Pausanias’ lips turned down into a frown. “The king is giving his daughter to his brother-in-law.”
“His daughter Kleopatra? Olympias’ daughter?”
“She is to marry Alexandros, King of Epeiros.”
“Olympias’ brother?” I felt shocked.
He nodded sourly. “It smacks of incest, doesn’t it? Marrying off his fourteen-year-old daughter to her own uncle.”
“I thought that Olympias was living in Epeiros with her brother.”
“She was. She has been returned to Pella.”
Philip’s statecraft, I realized. He was binding the king of Epeiros to Macedonia by marrying his daughter to him. Alexandros of Epeiros would no longer side with Olympias in their marital squabbles because he was marrying a Macedonian princess. Olympias no longer had a brother to take her side, to give her shelter, to possibly go to war against Philip for her sake.
“The One-Eyed Fox has outsmarted her,” I muttered.

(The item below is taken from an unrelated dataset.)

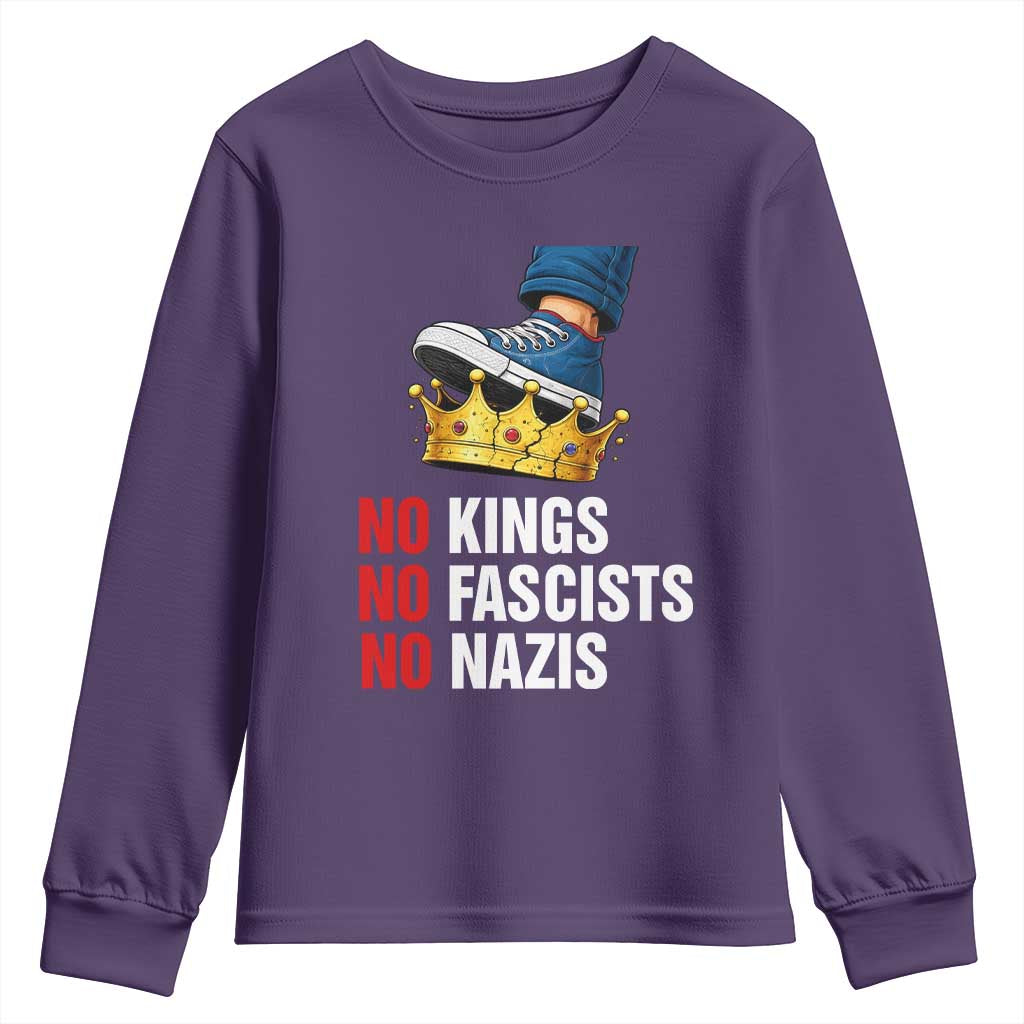 No Kings No Fascists No Nazis Youth Sweatshirt Anti Authoritarian Protest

“Has he?” Pausanias made a bitter smile. “We’ll see.”
“And what of our Alexandros, the Little King? How is he reacting to all this?”
“He ran off to Epeiros with his mother when Philip married Eurydice. But the king called him back to Pella and he came, obedient to Philip’s command.”
“He’s chosen his father over his mother’s wishes,” I said.
“Don’t jump to conclusions, Orion,” said Pausanias. “Alexandros will be king one day. That’s why he returned to Pella, to reinforce his claim to the throne. You know that Eurydice has born Philip a son.”
“I heard.”
“The babe will never become king of Macedonia. Alexandros is determined to succeed his father, no matter what.”
I nodded my agreement. Then I asked again, “But what has this to do with me? Why am I being kept locked in this cell?”